Bugün yine, yeni bir gün ama değişen bir şey yok maalesef. Kalbim hala durgun, atışları yavaş ve isteksiz. Sıkıntılı bir zamandan geçiyorum, yoruluyorum, ama nehir benim olana kadar bıkmayacağım bu yolda hep devam edeceğim. Kendimi ezdirmeden hep onu sevmeye devam edeceğim, edeceğimi de biliyorum. 16-17 yaşıma kadar hayatımda ilk defa böylesine gerçekçi, böylesine dobra bir çok his hissediyorum. Bu aşka giden yolda bir çok Kez kırılıp birleşeceğimi biliyorum. Ama bu kırılmalarımın, yaralanmalarımın kalbimde büyük bi yara açmasından korkmuyorda değilim.

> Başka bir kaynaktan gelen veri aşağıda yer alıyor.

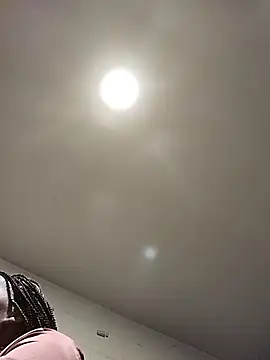 SITHANDRAH online show from 04/03/26, 01:58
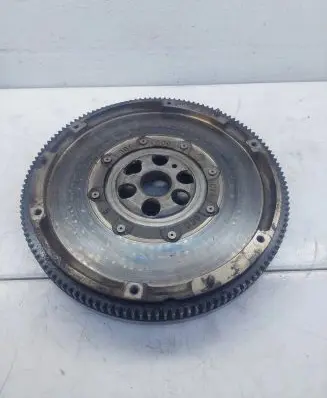 Volkswagen Caddy Flywheel 2289000054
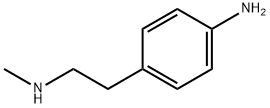 32868-32-9 結(jié)構(gòu)式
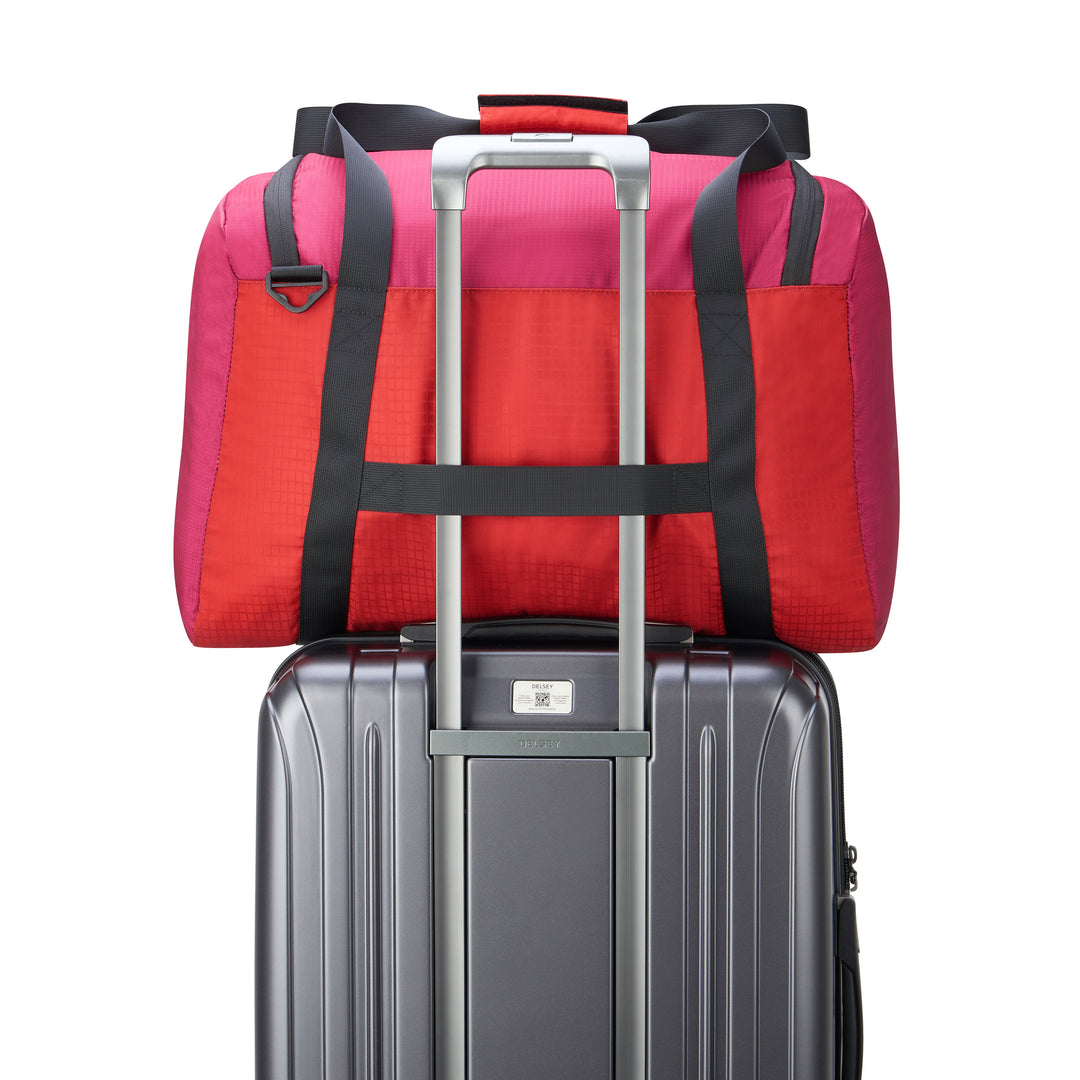 Bolsa Plegable
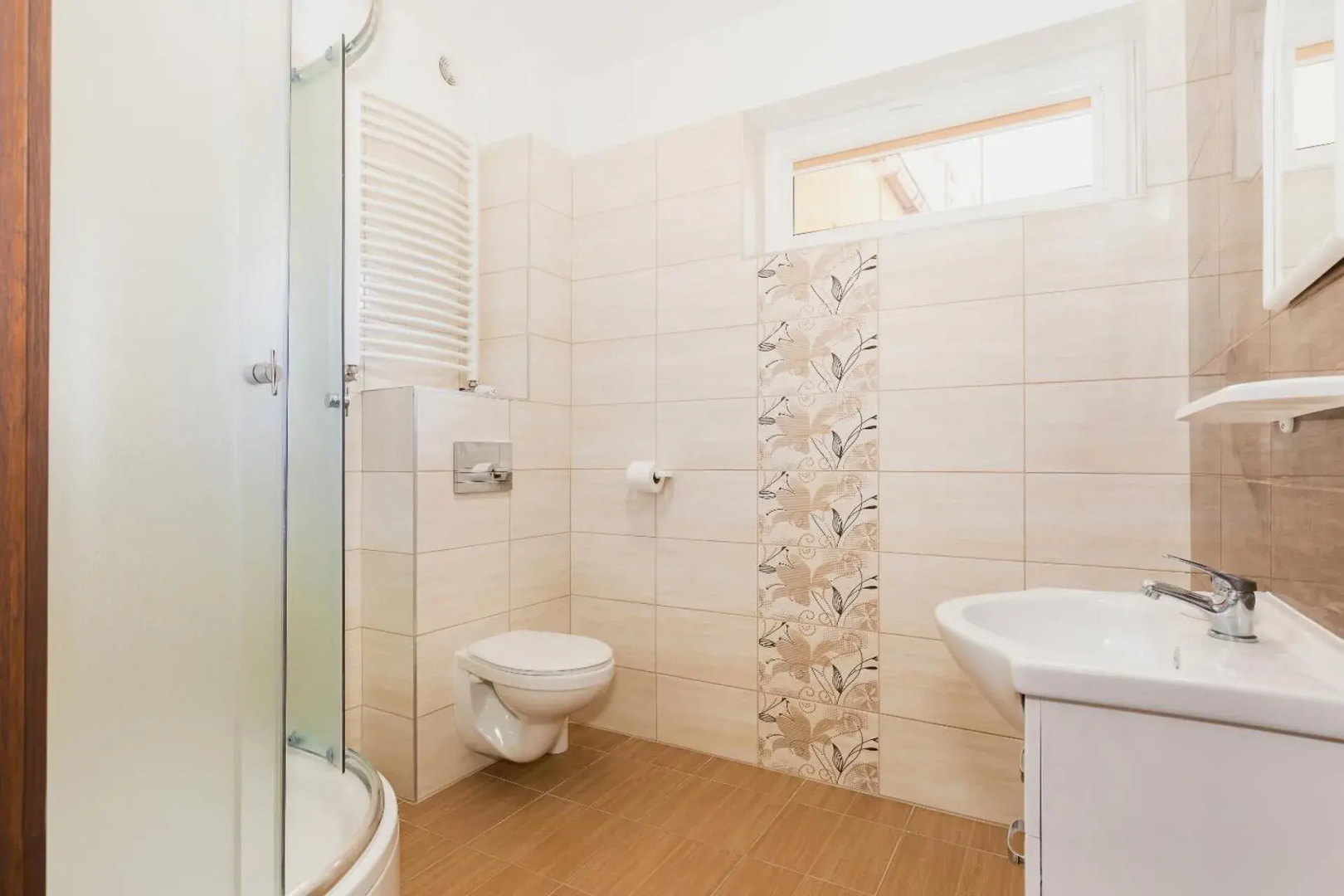 Soleil Resort & SPA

Herşeyin hayırlısı diye diye bütün bi ömrümüzü geçireceğim artık yapıcak bişey yok. Onunla konuşmadığım her an'ı ömrümden giden ömür olarak varsayıyorum , Bir insan nasıl çaresizliğin kitabını yazar sorusuna bir cevapım sanırım..
" Ya bu yolda tüm hislerimi, yolumu,kendimi bir çırpıda kaybedeceğim.. Ya da tüm geçmişimi geride bırakıp sadece biz'i yaşayacağım.."
------------- 19:00 ------------
Bunalımda hissediyorum kendimi, çok canım sıkkın herşeye. Ne istediğime karar veremiyorum artık. Doğru düzgün düşünemiyorum. Bomboş bi insan gibiyim, çok değiştim hakikaten nehir hayatıma girdiği günden beri bok oldu hayatım. Çok kafayı taktım, rüyalarımda o.. Gözümü kapatıp açtığımda o.. Ne yapsam o. O yani kalbimin her atışındaki nehir diye seslenişini duyabiliyorum. Seviyorum ama söyleyemem. Beni arkadaşı olarak görüyor yaaaa söylersem Herşey mahvolabilir.. Tek korkum nehiri kaybetmek.